Le racisme que subissent les personnes issues de l’immigration, y compris celles qui n’ont jamais connu d’autres pays que la France, est par contre organique à l’état français et à l’impérialisme français. C’est un racisme institutionnalisé. Les statistiques sont là pour prouver que les discriminations à l’embauche sont une réalité, pour les personnes dont le nom ne sonne pas assez français.
Cela veut-il dire que certains actes racistes sont plus graves que d’autres?
Non ! Les agressions racistes, quelles que soient la couleur de peau, les origines, la culture de la personne agressée, sont toutes à condamner de manière inflexible. Il n’y a pas à établir de hiérarchie entre les agressions racistes.

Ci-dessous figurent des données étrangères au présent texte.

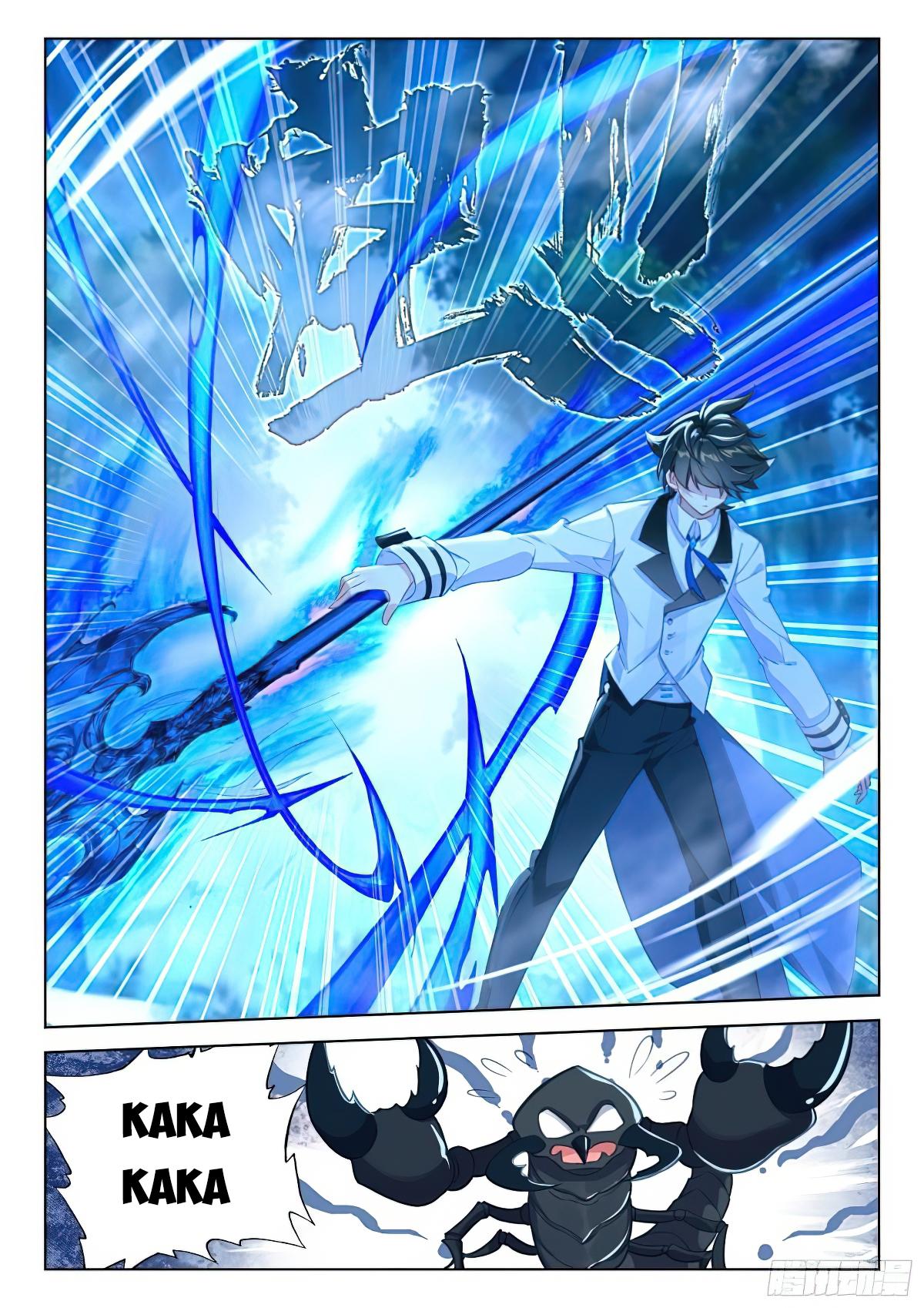 Read Soul Land IV Manga Online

Et ce n’est qu’après avoir clairement affirmé cela, que nous pouvons critiquer intelligemment le sale travail que fait l’AGRIF. Cette association veut nous faire croire que le racisme « anti-blanc », « anti-français » ou encore « anti-chrétien » (dans le cas de l’AGRIF, ces trois termes sont pratiquement interchangeables) est une tendance principale, alors que c’est une contradiction secondaire. Elle veut peindre l’image d’une France « cernée par les barbares », et construire de toutes pièces une identité « blanche » qui irait naturellement de pair avec une culture « française » et « chrétienne ».
Donc où est le problème avec l’expression « racisme anti-blanc »?
C’est que l’AGRIF, qui a proposé ce terme pour la première fois il y a plus de 25 ans, s’invente une définition-type de la personne blanche, qui serait par essence de « culture chrétienne » et dont l’identité serait « française », en mettant cette appartenance au dessus des multiples réalités vécues, et en niant la réalité des classes sociales.
D’autres personnes utilisent l’expression « racisme anti-blanc » sans avoir les mêmes arrière-pensées que l’AGRIF. Mais l’AGRIF en profite pour faire sa publicité : suite à l’agression à Perpignan mentionnée plus haut, le MRAP66 avait publié un communiqué où il était fait mention de « racisme anti-blanc », avec les guillemets. L’AGRIF a aussitôt saisi l’occasion pour s’exclamer : « le MRAP rejoint l’AGRIF ! », et «le MRAP, pour la première fois de son histoire, découvre l’existence du racisme anti-blanc avec 25 ans de retard sur l’AGRIF .» Bien entendu, le MRAP66 n’a jamais cherché à abonder dans le sens de l’AGRIF dans cette affaire. Mais sa réaction a été trop tardive aux yeux de l’AGRIF, qui exploite à fond la moindre faille, le moindre malaise chez les militants antiracistes qui hésitent à dénoncer des actes racistes visant des personnes blanches.
Quelle attitude adopter, alors?
Toutes les luttes contre une oppression sont récupérables par les fascistes, absolument toutes…
Sauf si ces luttes contre une oppression deviennent une lutte contre toutes les oppressions.
C’est la seule façon de se prémunir contre la récupération et la fascisation de valeurs progressistes.
Si nous ne faisons pas cela, notre tolérance à l’égard de certaines formes d’oppressions aura pour effet de monter nos faiblesses les unes contre les autres. Différentes formes de racisme s’opposeront l’une à l’autre, alors que toutes les formes de racisme devraient être combattues de façon identique. Les luttes contre le sexisme, contre le racisme, et contre le capitalisme qui jette tant de monde dans la misère, se retrouveront en compétition les unes avec les autres, alors qu’elles doivent être menées au coude à coude.
antiracisme, antisexisme et anticapitalisme sont des valeurs indissociables, si l’on est pour le progrès, et contre le fascisme!